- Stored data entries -
╭──
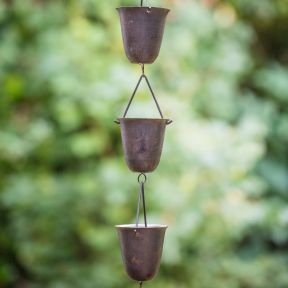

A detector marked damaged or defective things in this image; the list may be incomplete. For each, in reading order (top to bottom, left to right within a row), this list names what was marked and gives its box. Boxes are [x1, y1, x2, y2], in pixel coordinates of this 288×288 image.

rusted copper cup [116, 7, 169, 64]
rusted metal surface [116, 7, 169, 64]
rusted metal surface [117, 118, 168, 172]
rusted copper cup [118, 117, 170, 172]
rusted copper cup [116, 224, 168, 282]
rusted metal surface [116, 225, 168, 282]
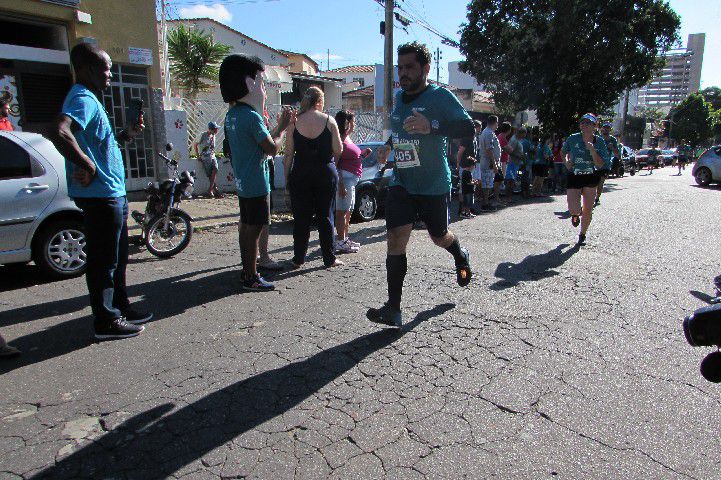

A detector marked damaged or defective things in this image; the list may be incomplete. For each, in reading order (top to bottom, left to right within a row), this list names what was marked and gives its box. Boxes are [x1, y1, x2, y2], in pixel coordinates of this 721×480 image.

cracked asphalt [1, 167, 720, 478]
╰──
- Work instruction -
Going from the line that has "this 721×480 image." through the last line of the entries, retype each line exactly as given and add nothing.

- Answer space -
A detector marked damaged or defective things in this image; the list may be incomplete. For each, in reading order (top to bottom, left to right within a row), this list names what was marked and gives its box. Boxes are [x1, y1, x2, y2], in pixel coordinates of this 721×480 image.

cracked asphalt [1, 167, 720, 478]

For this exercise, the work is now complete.